Payment of Tuition Fees
If you are paying tuition fees for your children, it can also be claimed as deduction under section 80C. this helps you to save tax. But the fees should be paid in schools, colleges or universities in India only.
National Pension System (NPS)
If any individual opens an NPS account, his contribution can be claimed under section 80CCD (1).
Also, the combined deduction under both section 80C as well as 80CCD (1) cannot exceed Rs 1,50,000.
However, additional contribution of Rs 50,000 can be claimed under section 80CCD (1B), if invested in NPS.
Also, any contribution made to the Atal Pension Yojana (APY) is also eligible for claim deduction under section 80CCD (1).
Contribution in APY can be made through NSDL website or account can be opened through nearby post office.
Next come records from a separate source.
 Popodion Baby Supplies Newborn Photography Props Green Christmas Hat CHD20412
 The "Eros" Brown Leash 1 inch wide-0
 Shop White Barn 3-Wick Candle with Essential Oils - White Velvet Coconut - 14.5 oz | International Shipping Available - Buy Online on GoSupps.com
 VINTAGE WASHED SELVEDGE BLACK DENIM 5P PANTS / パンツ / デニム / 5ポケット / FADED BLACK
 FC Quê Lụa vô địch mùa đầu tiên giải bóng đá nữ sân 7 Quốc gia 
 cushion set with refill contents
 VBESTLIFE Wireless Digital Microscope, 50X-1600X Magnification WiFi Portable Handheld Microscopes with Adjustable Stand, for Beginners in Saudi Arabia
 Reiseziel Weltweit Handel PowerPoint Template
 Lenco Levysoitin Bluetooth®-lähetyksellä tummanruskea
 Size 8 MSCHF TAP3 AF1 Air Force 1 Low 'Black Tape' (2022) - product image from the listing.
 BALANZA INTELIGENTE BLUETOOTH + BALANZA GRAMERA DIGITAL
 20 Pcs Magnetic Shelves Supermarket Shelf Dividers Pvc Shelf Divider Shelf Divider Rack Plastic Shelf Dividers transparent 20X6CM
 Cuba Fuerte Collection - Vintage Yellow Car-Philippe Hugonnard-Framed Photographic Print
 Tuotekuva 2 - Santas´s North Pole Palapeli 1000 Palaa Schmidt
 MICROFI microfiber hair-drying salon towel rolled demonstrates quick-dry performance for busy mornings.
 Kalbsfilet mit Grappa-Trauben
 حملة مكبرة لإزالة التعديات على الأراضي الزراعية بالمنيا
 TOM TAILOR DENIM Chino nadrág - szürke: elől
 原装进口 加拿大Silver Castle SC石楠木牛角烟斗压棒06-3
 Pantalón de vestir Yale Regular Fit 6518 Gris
Note that, the earlier you start investing APY, lower the premium you have to pay. Minimum age and Maximum age for opening the Atal Pension Yojana account is 18 years and 39 years respectively.
Below is the APY CHART that can referenced to calculate the amount per month need to be paid for monthly pension, according to you age.
Remember that, your tax and financial planning can help you in making money from your investments in a great way if chosen and invested wisely.
COVID-19 UPDATE : The PFRDA has temporarily suspended the automatic deduction of APY contribution from bank accounts till June 2020. Subscribers cannot do manual transaction also.